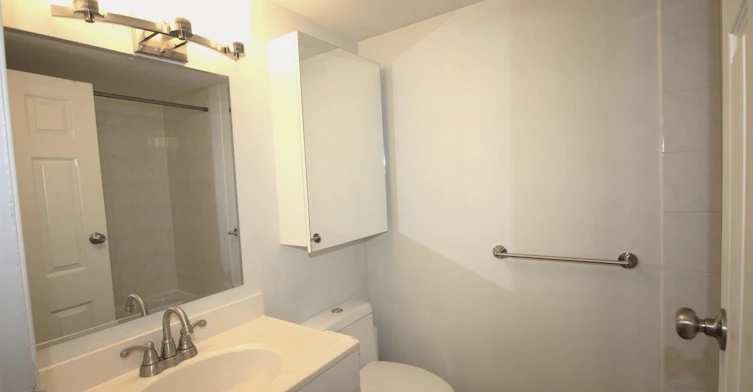 2973 Wembley Drive, North Vancouver, BC, V7J 3B9 - 9
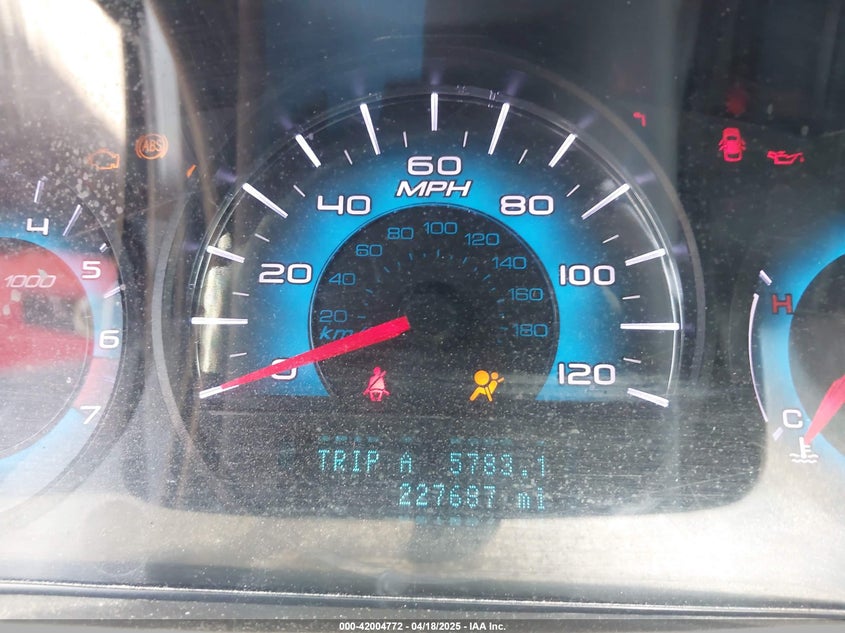 2010 FORD FUSION VIN: 3FAHP0HA0AR352188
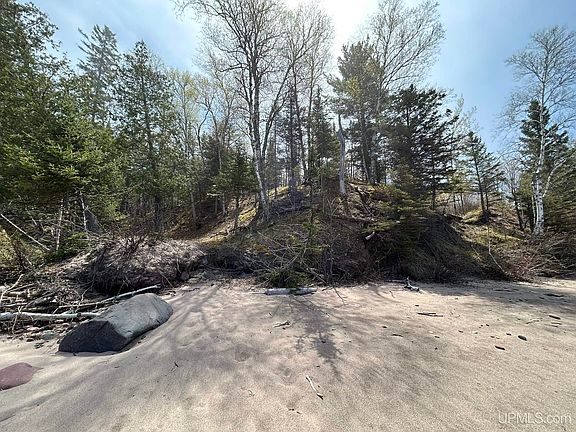 5th image of Lakeshore Dr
+ + + + +
--- Work task ---
Reproduce the data above exactly, leaving out any picture in it.

--- Result ---
 2973 Wembley Drive, North Vancouver, BC, V7J 3B9 - 9
 2010 FORD FUSION VIN: 3FAHP0HA0AR352188
 5th image of Lakeshore Dr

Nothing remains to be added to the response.